- _STORED DATA_:
*** Begin section ***
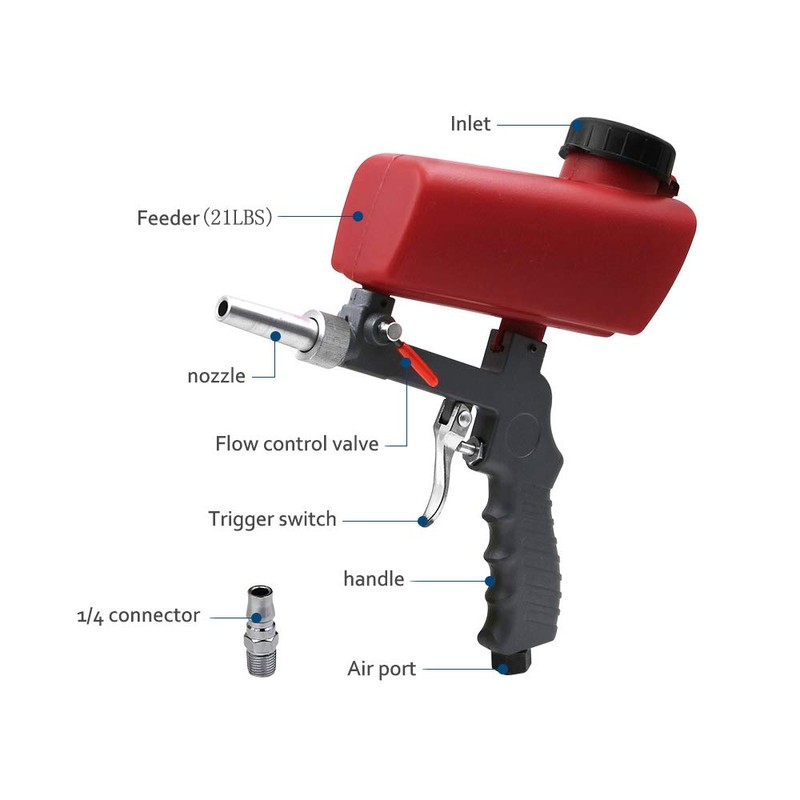 WINGONEER Air Sandblasting Gun Small Handheld Portable Sandblasting Gun Red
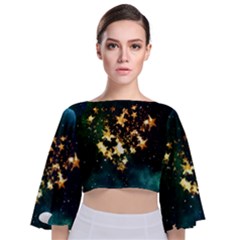 Heart Love Universe Space All Sky Tie Back Butterfly Sleeve Chiffon Top by Nexatart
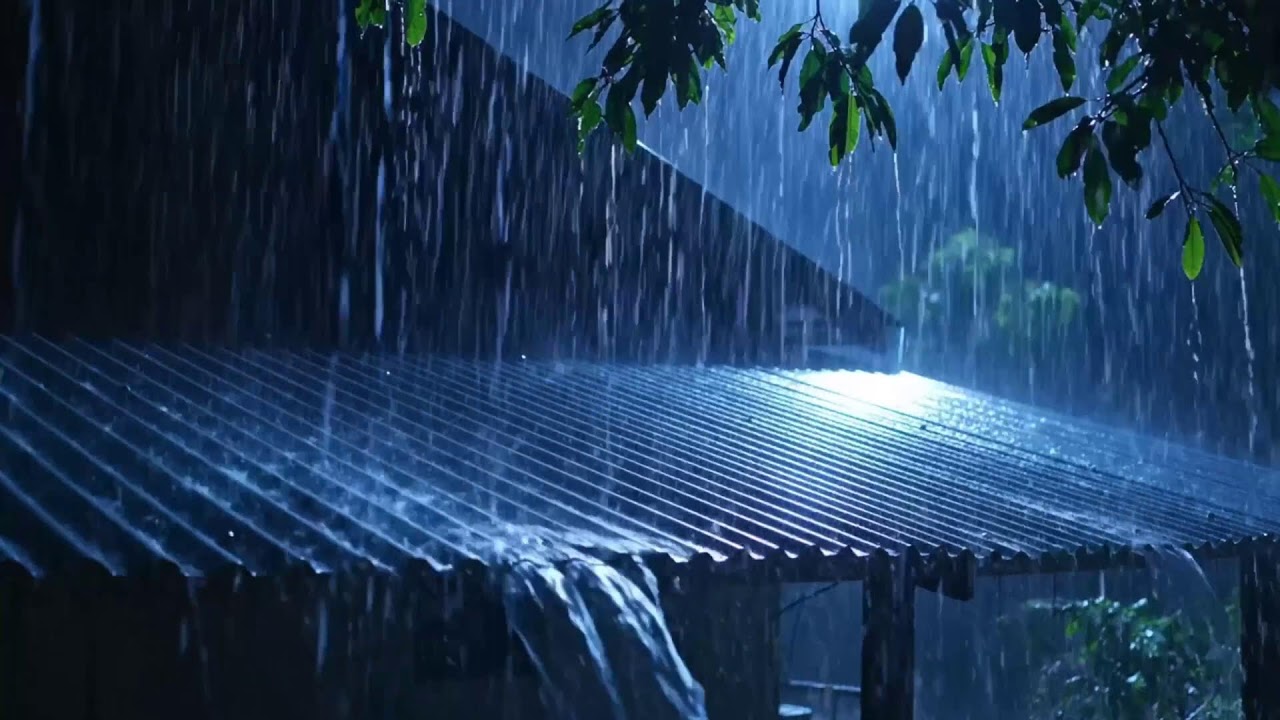 Deep Blue Night Rain ASMR: Slow Echoes of Water Breathing Peace into Silent Dreams at Midnight 00045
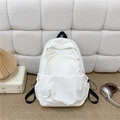 Minimalist beige nylon backpack for women featuring large capacity for daily commuting - White
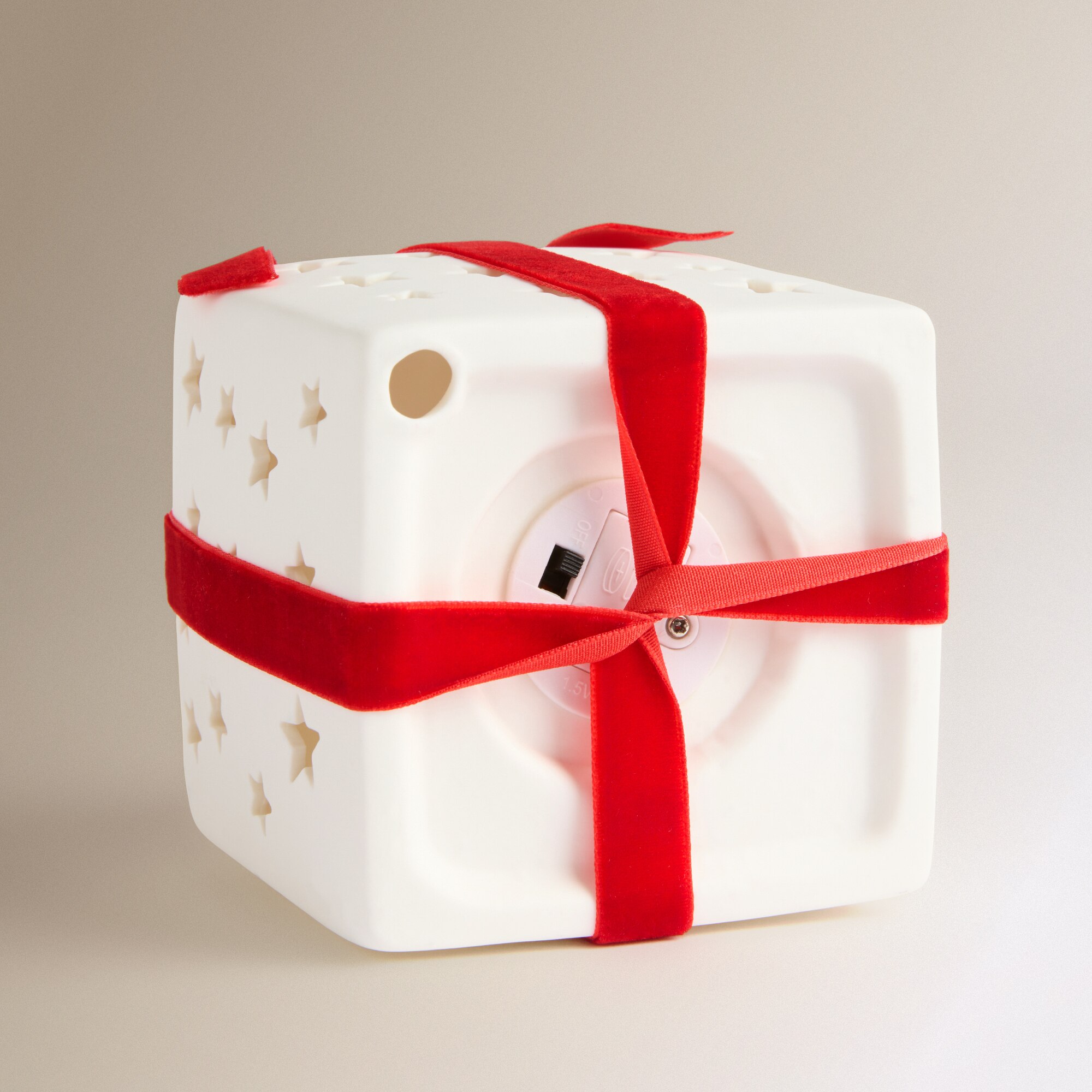 Figura Presente com Laço de Cerâmica com Luz LED Natal Branco-4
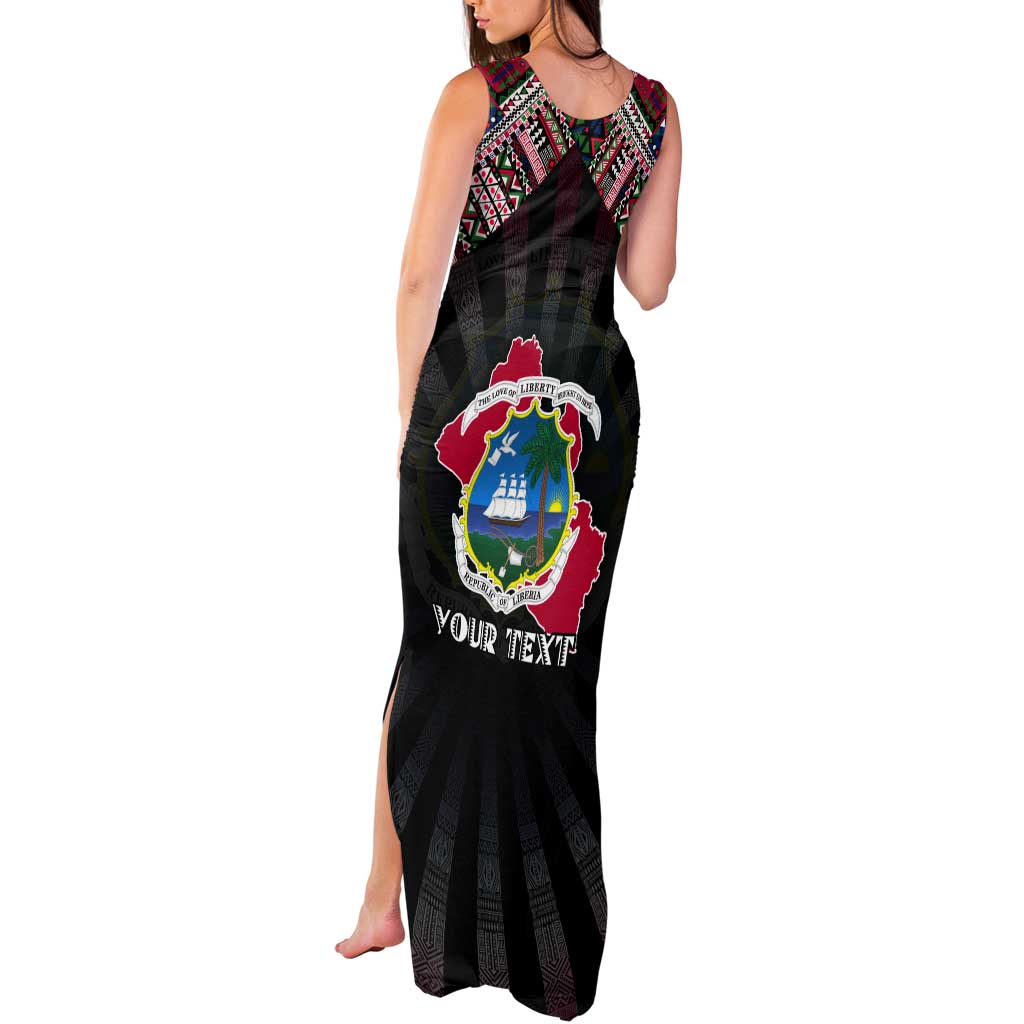 Personalized Liberia Roots Tank Maxi Dress African Map in Fingerprint and Tribal Colors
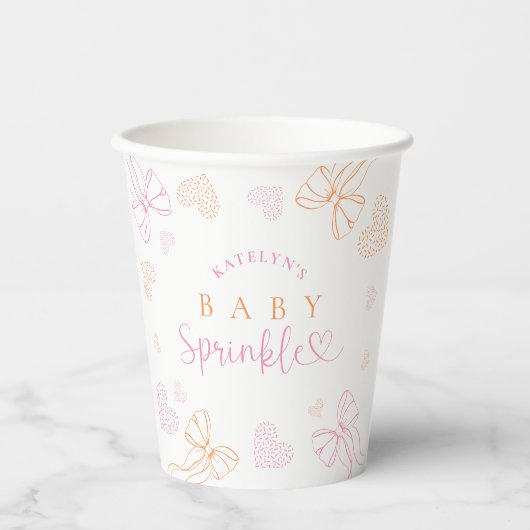 Sprinkle Ribbon Baby Shower Paper Cups 紙コップ (正面)
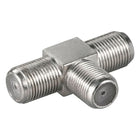 GK-01025 F-adapter T-stuk: F-aansluiting > Dubbele F-aansluiting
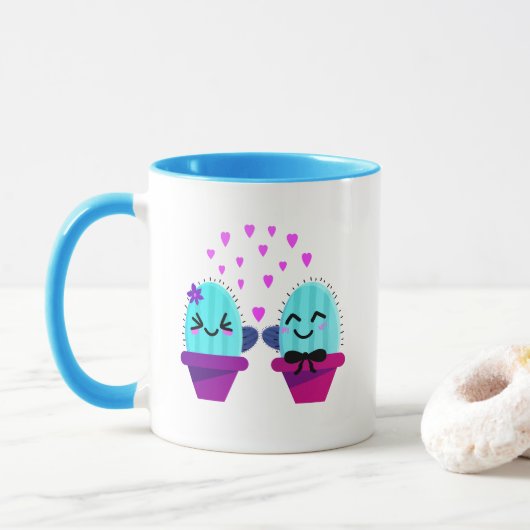 Mug kawaii cactus amour (Avec donut)
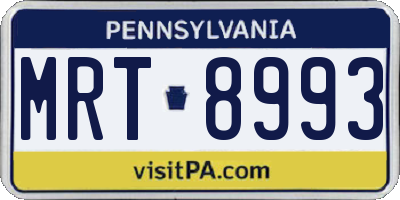 PA license plate MRT8993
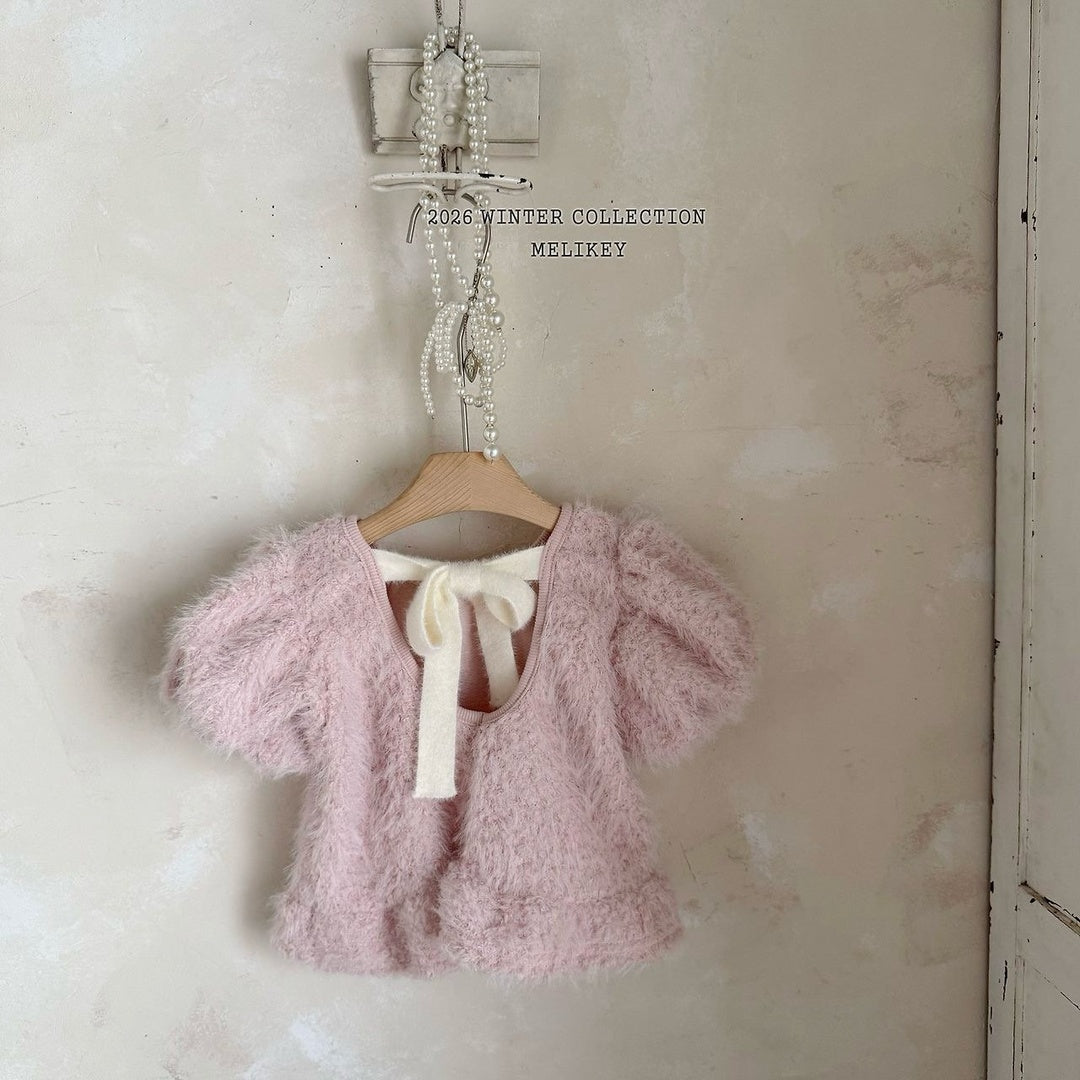 [Melikey] Fur frill puff tops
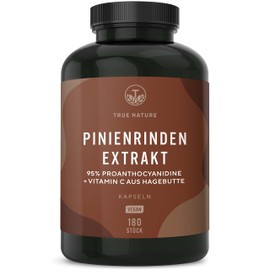 Pine Bark Extract Capsules High Dose – 660 mg for 180 Days – Pine Bark Extract with 32% OPC + Natural Vitamin C – Premium: French Sea Pine – Laboratory Tested & No Additives TRUE NATURE®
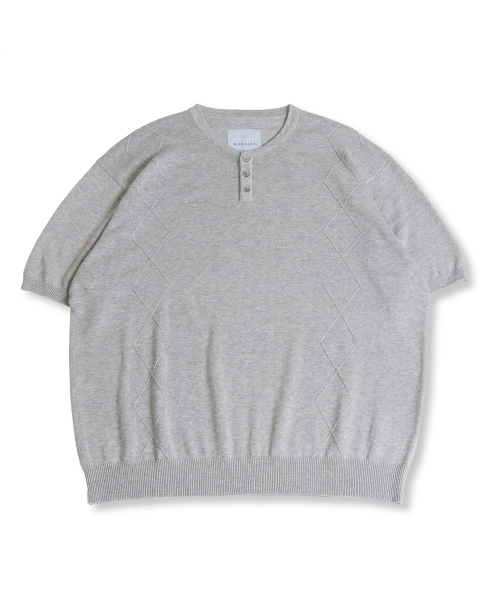 Кабельный трикотажный пуловер хенли с коротким рукавом Melange Gray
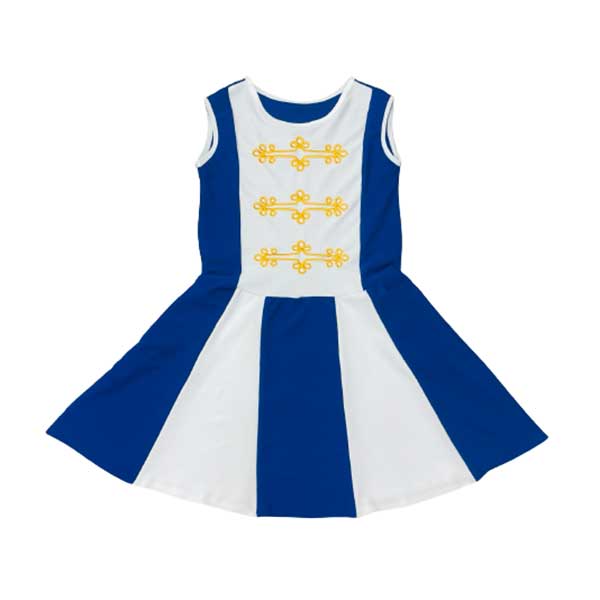 Majorette costume, kids, size 122 cm, age 7, blue-white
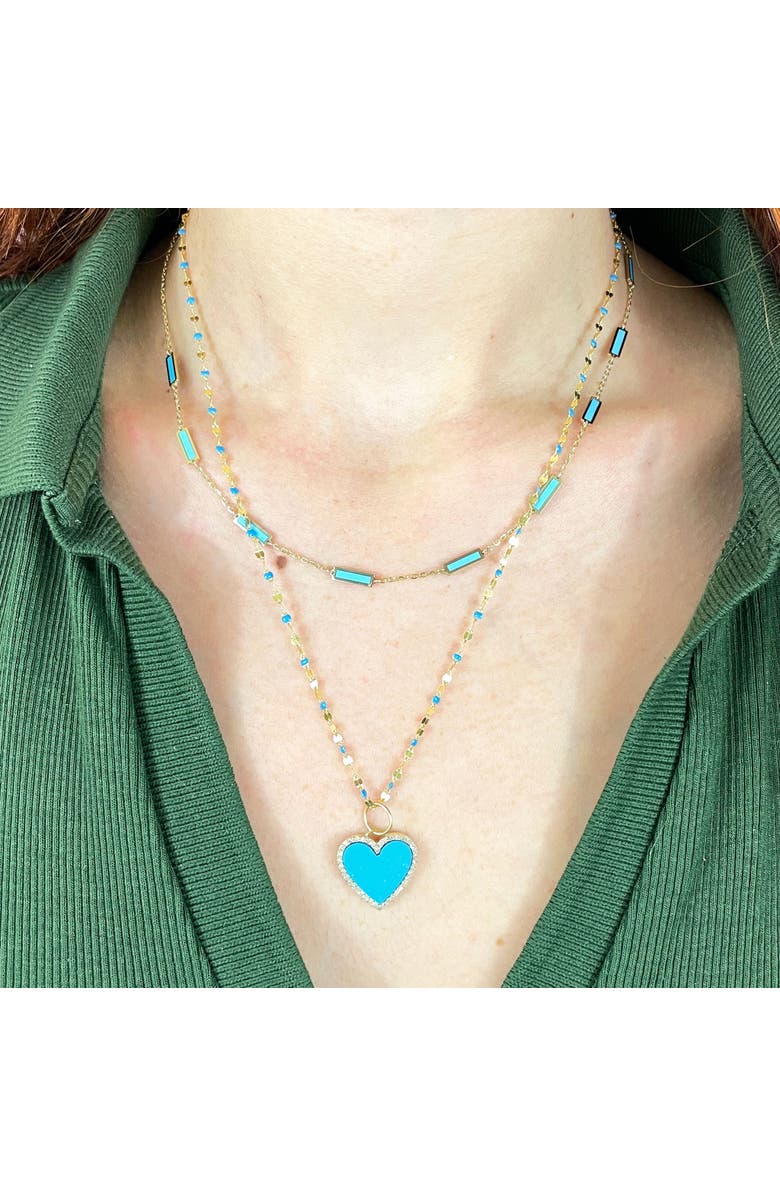 The Lovery Fine Jewelry Turquoise Bar Chain Necklace, Alternate, color, Turquoise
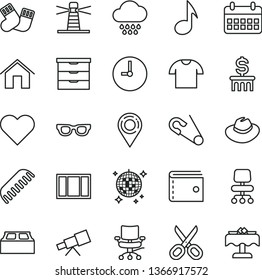 thin line vector icon set - scissors vector, purse, hat, storage unit, open pin, comb, cloud, warm socks, window frame, building block, home, wall clock, heart, T shirt, lighthouse, location, note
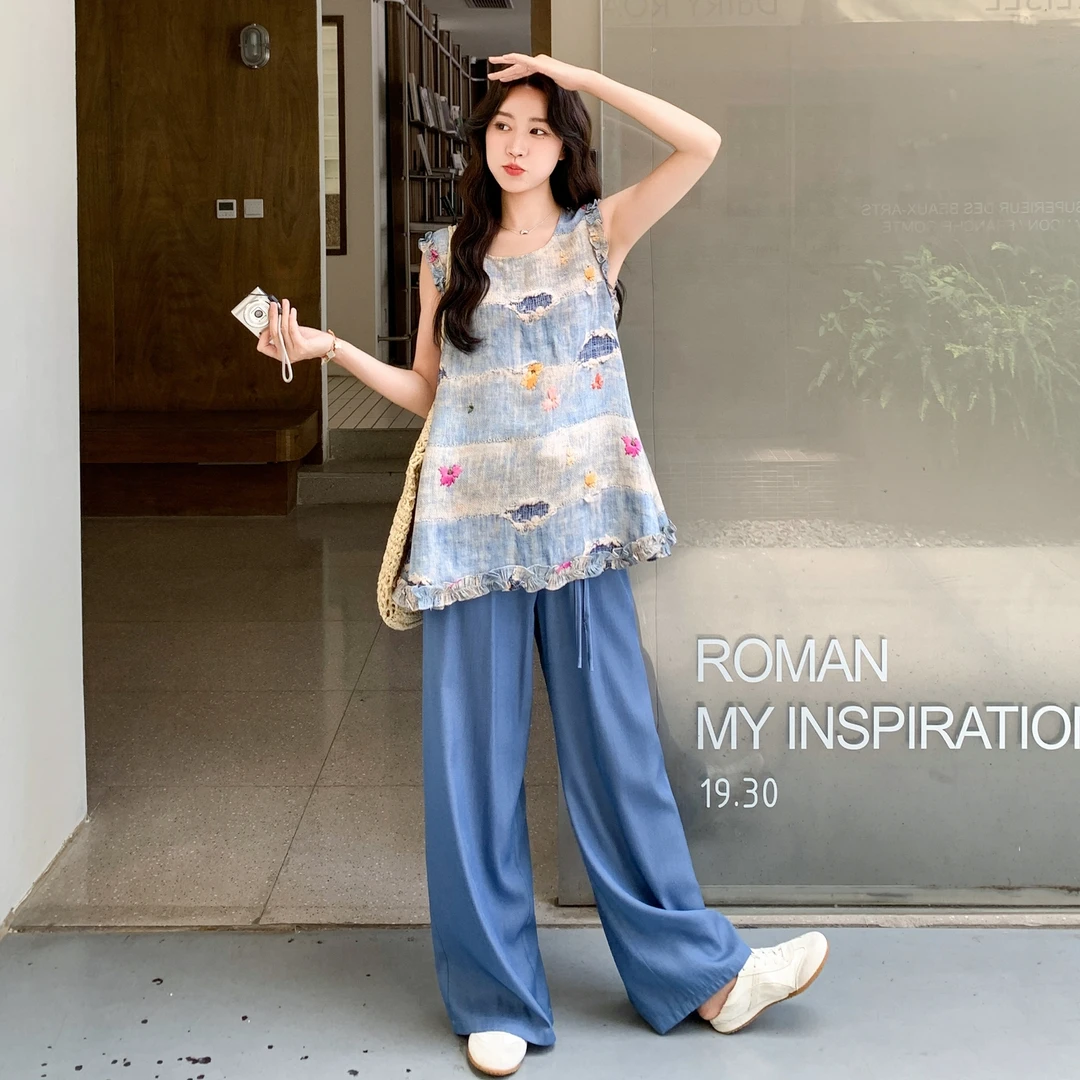 巨好看的夏装一整套2025爆款今年流行午休破洞毛边上衣蓝色阔腿裤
*** End section ***
The required result is an exact copy of the lines from the line containing "GK-01025 F-adapter T-stuk: F-aansluiting" through the end of the entries, with every picture left out.

 GK-01025 F-adapter T-stuk: F-aansluiting > Dubbele F-aansluiting
 Mug kawaii cactus amour (Avec donut)
 PA license plate MRT8993
 [Melikey] Fur frill puff tops
 Pine Bark Extract Capsules High Dose – 660 mg for 180 Days – Pine Bark Extract with 32% OPC + Natural Vitamin C – Premium: French Sea Pine – Laboratory Tested & No Additives TRUE NATURE®
 Кабельный трикотажный пуловер хенли с коротким рукавом Melange Gray
 Majorette costume, kids, size 122 cm, age 7, blue-white
 The Lovery Fine Jewelry Turquoise Bar Chain Necklace, Alternate, color, Turquoise
 thin line vector icon set - scissors vector, purse, hat, storage unit, open pin, comb, cloud, warm socks, window frame, building block, home, wall clock, heart, T shirt, lighthouse, location, note
 巨好看的夏装一整套2025爆款今年流行午休破洞毛边上衣蓝色阔腿裤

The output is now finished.